Jak obliczają opłaty za ciepło?
Wracamy do sprawy sprzed tygodnia. Bohaterką naszego artykułu pt. „Dlaczego moje dzieci marzną?” była Iwona Słocińska, matka czwórki dzieci. Kobieta twierdzi, że płaci za centralne ogrzewanie, choć woda w kaloryferach jest zimna. Wszystko za sprawą wadliwej regulacji pomp wykorzystujących do ogrzewania ciepło z głębi ziemi. Urządzenia często się wyłączają, choć powinny pracować. Zdaniem wodzisławianki efekt to potężna wilgoć i grzyb na ścianie. Zaprzecza jakoby wentylacja jej mieszkania była wadliwa. – Wmawiają mi, że nie zgodziłam się na wymianę kratek. Co z tego, przecież w tym samym okresie kominiarz był dwa razy i stwierdził, że wszystko jest w najlepszym porządku. Gdy pompa szwankuje, a my płacimy za zimno w mieszkaniach, to szuka się innych przyczyn – mówi Iwona Słocińska.
Trzy liczniki
Urzędnicy tłumaczyli, że usterki zostaną zlikwidowane. Zaprzeczają ponadto, jakoby lokatorzy płacili za coś, czego nie otrzymują. – Płacą jedynie za prąd, który jest niezbędny do podgrzania wody. Jeśli pompa nie działa – nie płacą – zapewnia ponownie Stanisława Stawarska z Zakładu Gospodarki Mieszkaniowej i Remontowej.

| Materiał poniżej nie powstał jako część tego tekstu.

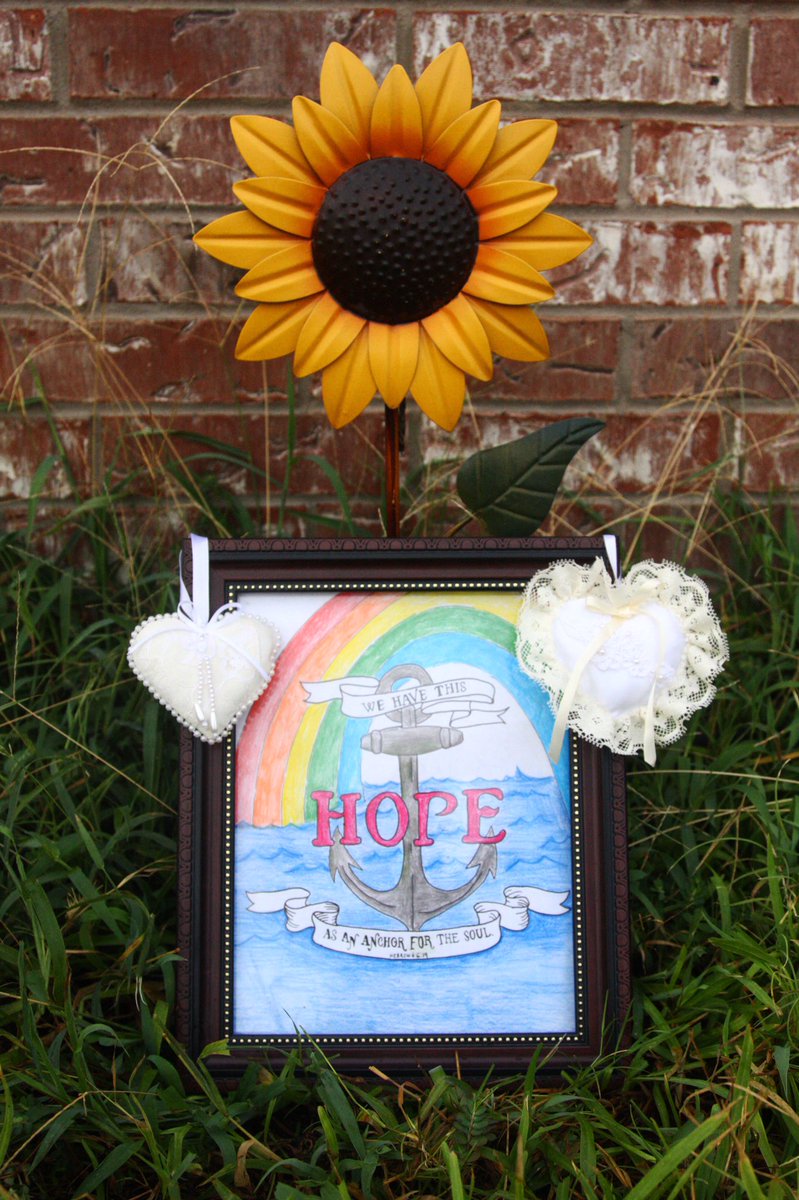 lrmoody's tweet photo. Today is #nationalrainbow day, we thought it would be fitting to announce our rainbow that will be coming in Jan. We have 2 hope babies in heaven. The picture encompasses our babies and our rainbow to come. It has not been easy, but "We have this hope as an anchor for the soul" https://t.co/ivfiELm28o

Mieszkańcy nie wierzą. – Przecież mamy trzy liczniki. Za ciepłą wodę, zimną i za centralne ogrzewanie. Tak więc płacimy nawet za zimną wodę, którą te pompy dostarczają do kaloryferów, a że jest zimna, to już nikogo nie obchodzi – denerwuje się Iwona Słocińska.
Jak jest naprawdę?
Na temat zasad rozliczania ciepła z pracownikami Zakładu Gospodarki Mieszkaniowej i Remontowej rozmawialiśmy ponownie. Ryszard Kühn, dyrektor ZGMiR ds. technicznych zapewnia, że to mieszkańcy nie mają racji.
Opłata za centralne ogrzewanie składa się z dwóch części – 40% to opłata stała wynikająca ze wskazań licznika energii elektrycznej zamontowanego na wspomnianej pompie. Wartość ta dzielona jest przez metraż każdego z mieszkań i każdy płaci swoją część. Lokatorzy płacą nawet wówczas, gdy przez cały sezon ich grzejniki są zakręcone. Pozostałe 60% to opłata zmienna uzależniona od wskazań wodomierza zainstalowanego przy wlocie do grzejników. W tym przypadku spełnia on rolę podzielnika ciepła. Wartość widoczna na wodomierzu mnożona jest przez koszt prądu wyliczony dla konkretnego mieszkania z licznika energii elektrycznej zainstalowanego na pompie. Jeśli grzejniki są zakręcone, wodomierz wskazuje zero, więc opłata zmienna nie obowiązuje.